All of the data should be output character for character, except the pictures.

Dataset section:
—————

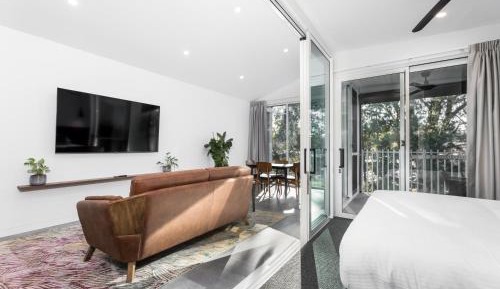 One-Bedroom Apartment with Balcony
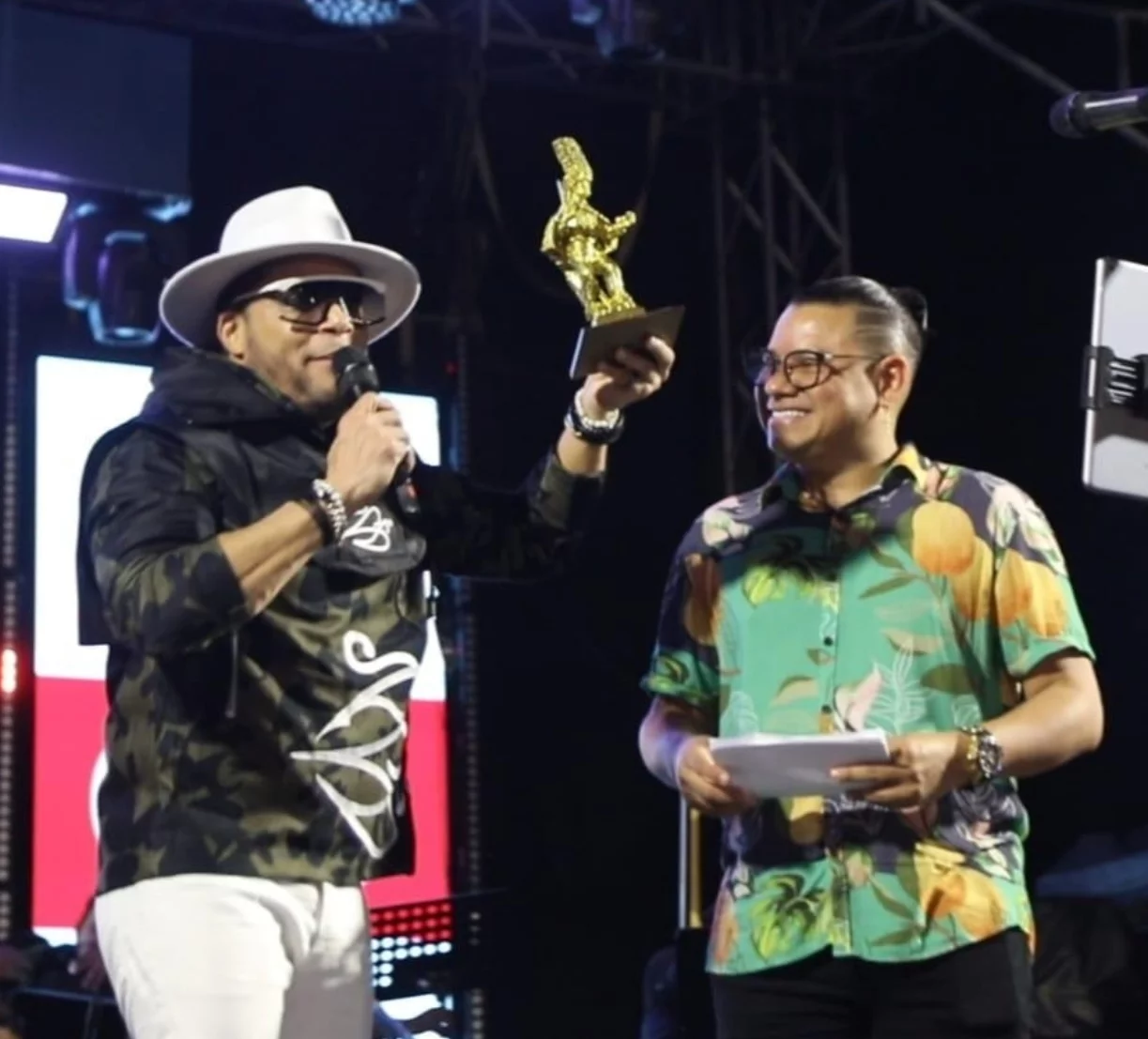 El merenguero Dionis K-Da Uno  mientras recibía el Congo de Oro en Colombia.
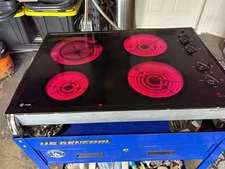 GE Profile™ Series 30" Built-In Electric Cooktop  Model JP350B0C1BB Works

—————

Solved problem:
 One-Bedroom Apartment with Balcony
 El merenguero Dionis K-Da Uno  mientras recibía el Congo de Oro en Colombia.
 GE Profile™ Series 30" Built-In Electric Cooktop  Model JP350B0C1BB Works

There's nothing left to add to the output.